* The problem:
Find the "Close-up of flower growing outdoors" line in the records below and repeat it and every later line exactly, up to the last; do not include pictures.

Start of Data provided

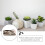 1St Kleine Creatieve Rabbit Voor Decoratieve Succulenten 4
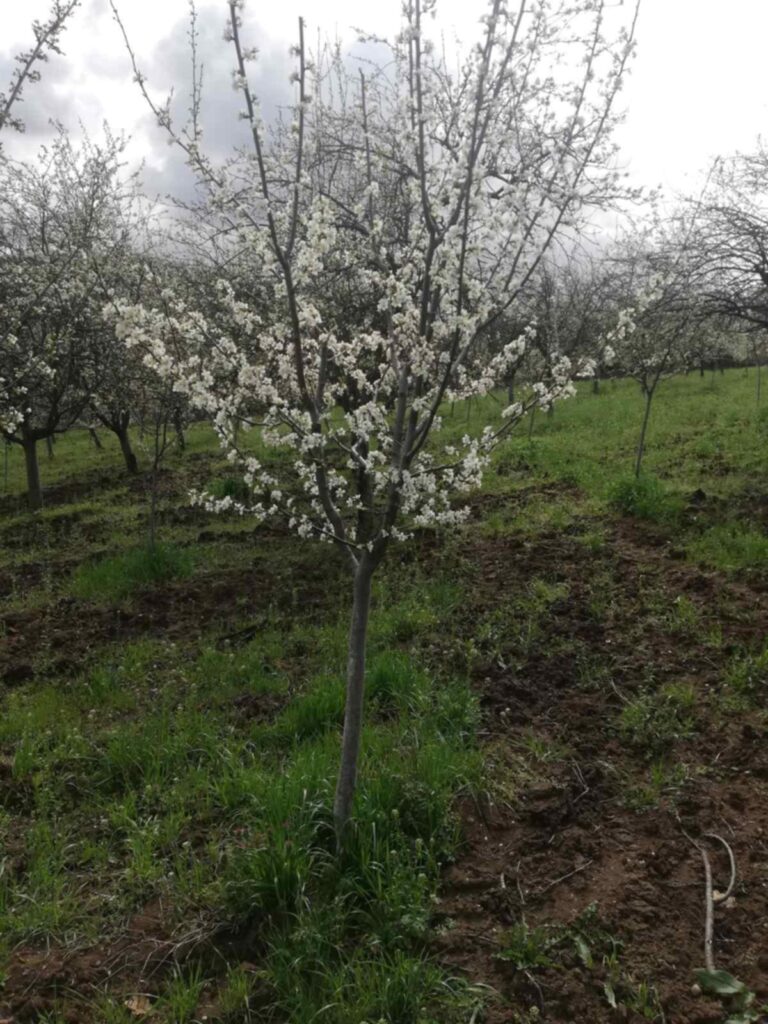 d1b4d293-2e0c-409b-952b-f3c2c8a61e05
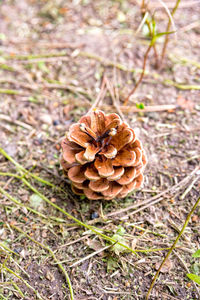 Close-up of flower growing outdoors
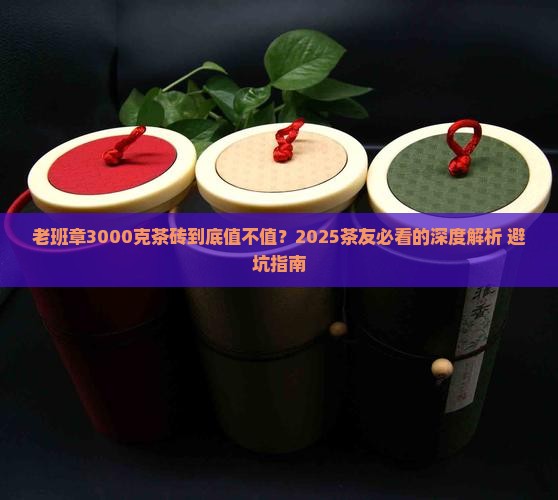老班章3000克茶砖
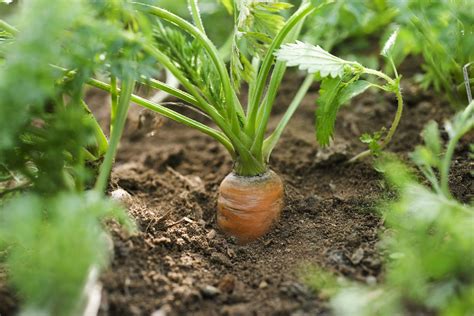 Carrot Plant Care Guide How To Grow Carrots
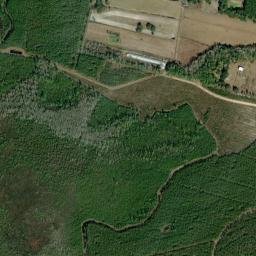Charlton County map(satellite map)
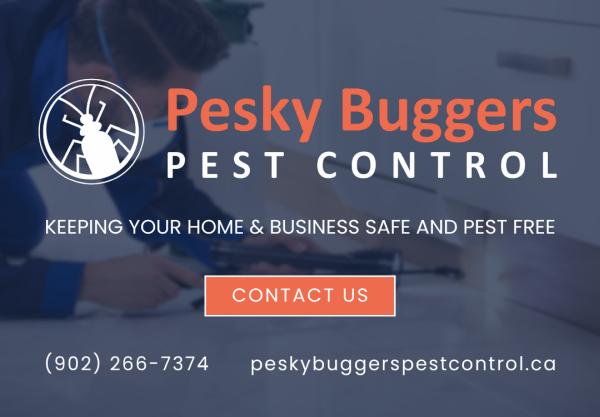 Pesky Buggers Pest Control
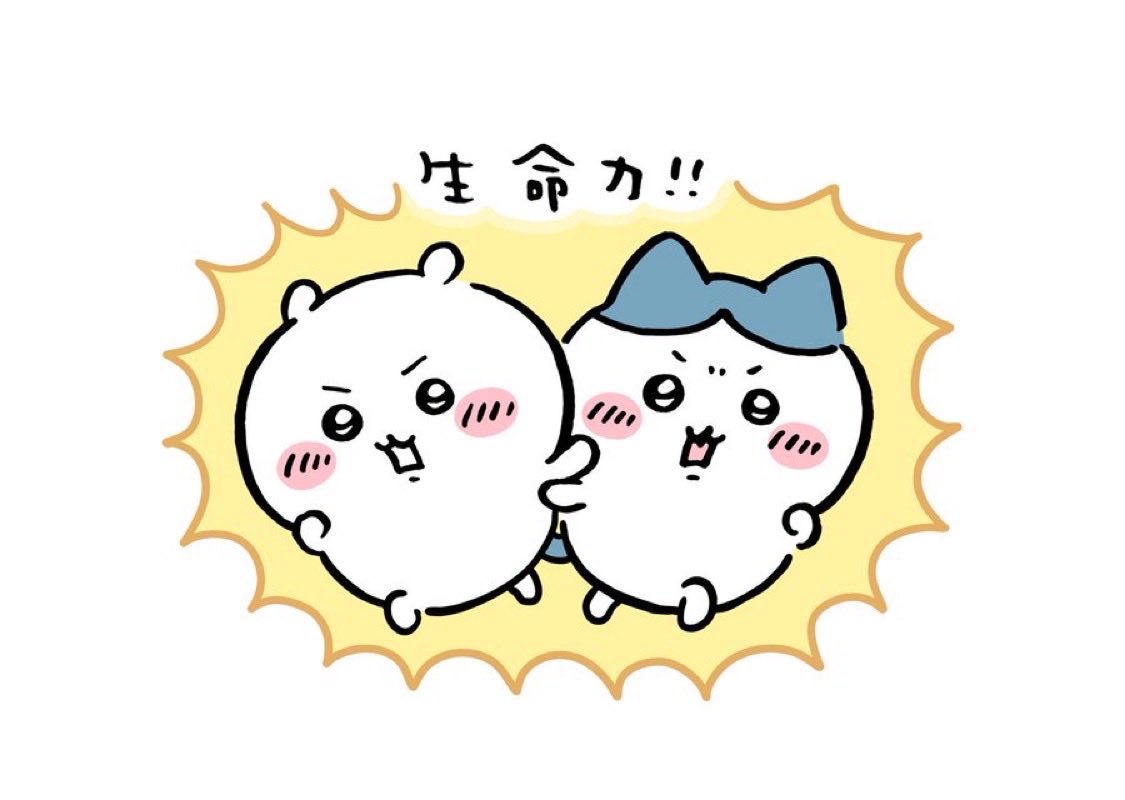kinakomoti_u_u's tweet image. #ZOZOSALE箱CP
初白箱だから記念に✨️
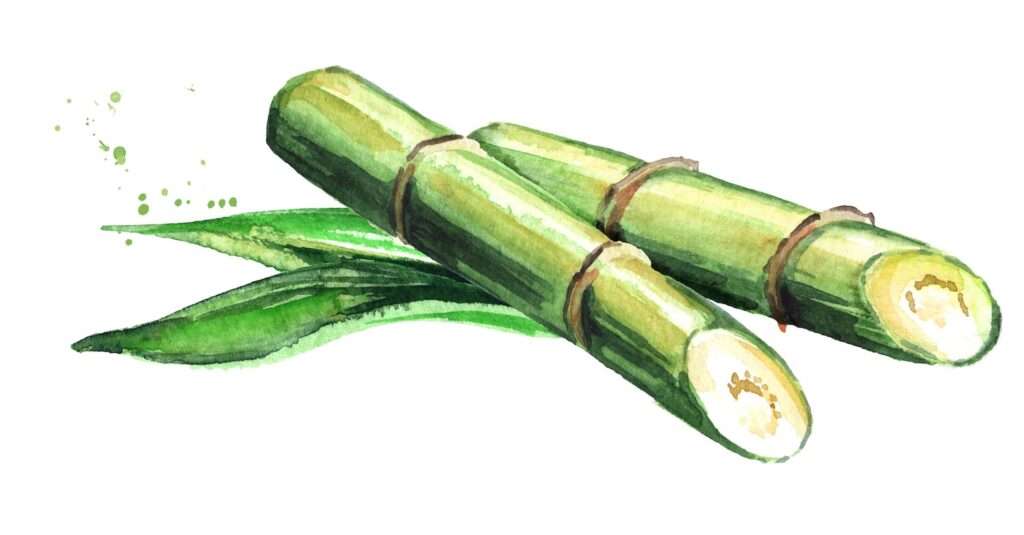 Terra Verde Sugar Cane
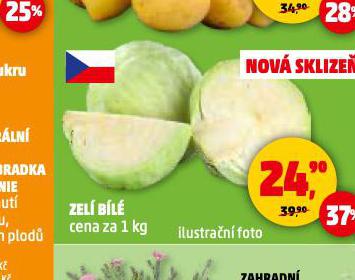 ZEL BL
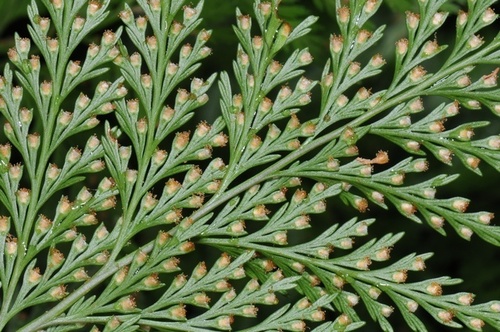 Davallia canariensis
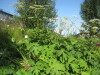 Thumbnail IMG_7967.JPG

End of Data provided

* Task response:
 Close-up of flower growing outdoors
老班章3000克茶砖
 Carrot Plant Care Guide How To Grow Carrots
Charlton County map(satellite map)
 Pesky Buggers Pest Control
kinakomoti_u_u's tweet image. #ZOZOSALE箱CP
初白箱だから記念に✨️
 Terra Verde Sugar Cane
 ZEL BL
 Davallia canariensis
 Thumbnail IMG_7967.JPG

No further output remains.